U.S. Defense Secretary Lloyd Austin is in Brussels for a meeting of NATO defense ministers Thursday and Friday to talk about security issues in Afghanistan, tensions with Russia and technology policy.
“I’m here to help advance NATO’s military adaptation, and ensure the alliance is prepared for the challenges of the future,” Austin tweeted after arriving Wednesday.
NATO Secretary General Jens Stoltenberg said the defense ministers would discuss preventing Afghanistan from becoming a safe haven for terrorists, and making sure Afghans evacuated during a massive airlift operation are able to resettle in NATO member states and not remain at transit centers.

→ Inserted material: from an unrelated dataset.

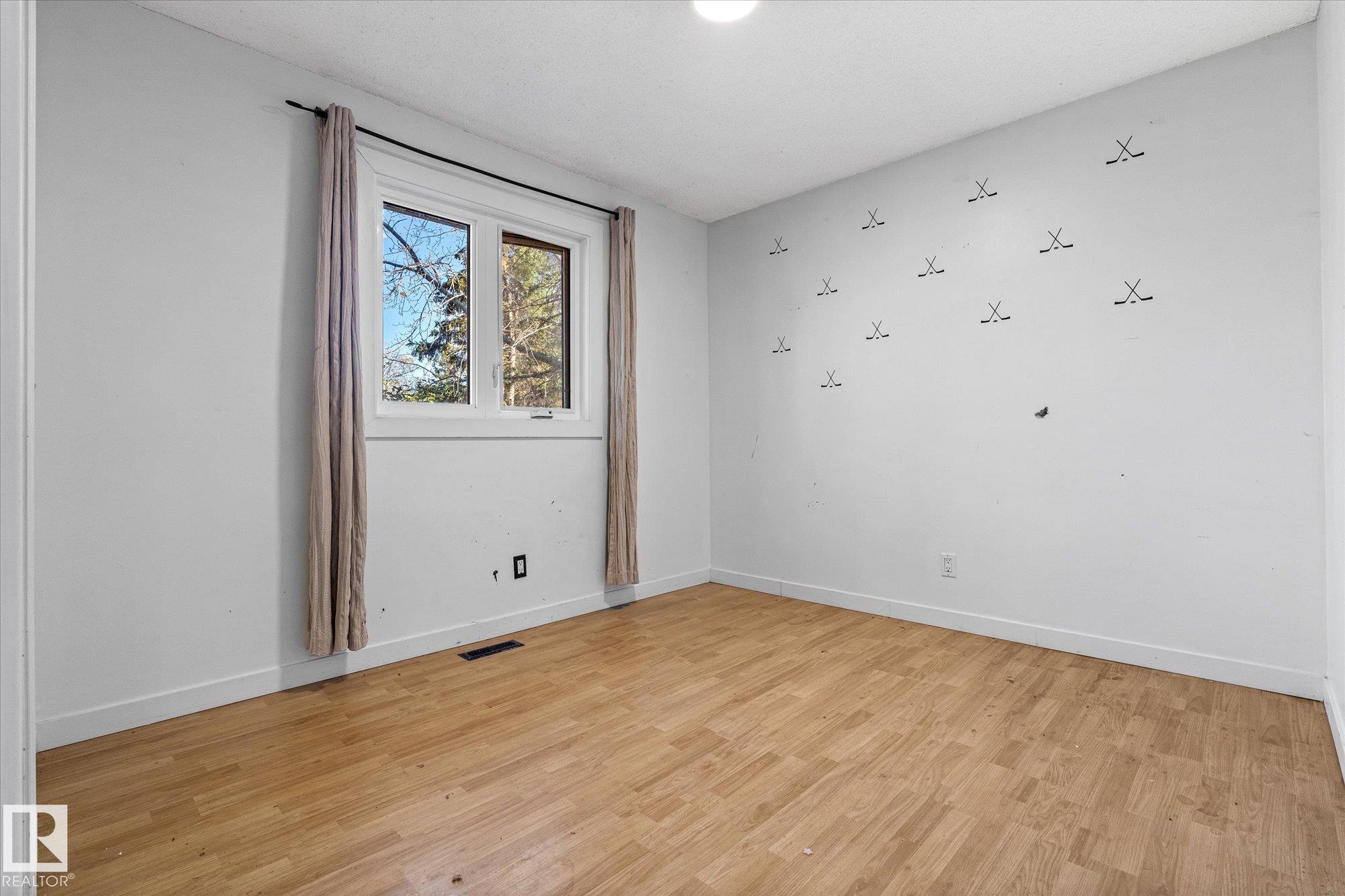 Photo 32 at 12 - 27420 Twp Road 540, Grandmuir Estates, Rural Parkland County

“The most urgent role NATO has, and the most immediate task we are faced with, is to resettle Afghans who worked with us,” Stoltenberg told reporters ahead of the ministerial. “And NATO Allies and the NATO partners were able to get more than 120,000 people, many of them Afghans, out of Afghanistan. And we still, Allies and partners, are still working on how to get more people out.”
Austin traveled to Belgium from Romania, where he said Wednesday the Biden administration is committed to strengthening its Euro-Atlantic bonds while securing NATO’s eastern flank.
Speaking in Bucharest, Austin praised Romania for setting “an important example for allied commitment on sharing responsibility” and defense modernization.
Romania is one of the few NATO nations that spends more than 2% of its Gross Domestic Product on defense, with 20% of that spending going toward modernization — two key NATO spending goals.
The country also hosts about 1,000 rotational U.S. forces who help maintain security of the Black Sea region.
Austin’s visit to Romania followed stops in Ukraine and Georgia, two countries that aspire to join NATO and that are partially occupied by Russian and Russian-backed forces.
Tensions have risen between Russia and the longstanding alliance, with Russia announcing on Monday it was suspending its permanent mission to NATO in response to the alliance’s expulsion of eight Russians earlier this month.
Speaking in Kyiv Tuesday, Austin called Russia an “obstacle” to any peaceful resolution to the war raging in Ukraine’s east.
“We again call on Russia to end its occupation of Crimea, to stop perpetuating the war in Eastern Ukraine, to end its destabilizing activities in the Black Sea and along Ukraine’s borders,” Austin said.
Earlier this year, the largest number of Russian troops amassed near the Ukrainian border since 2014, when Russia annexed Crimea from Kyiv. Russia soon pulled back its troops, however, after taking part in exercises near the Ukraine border.
Russia still occupies about a fifth of Georgia.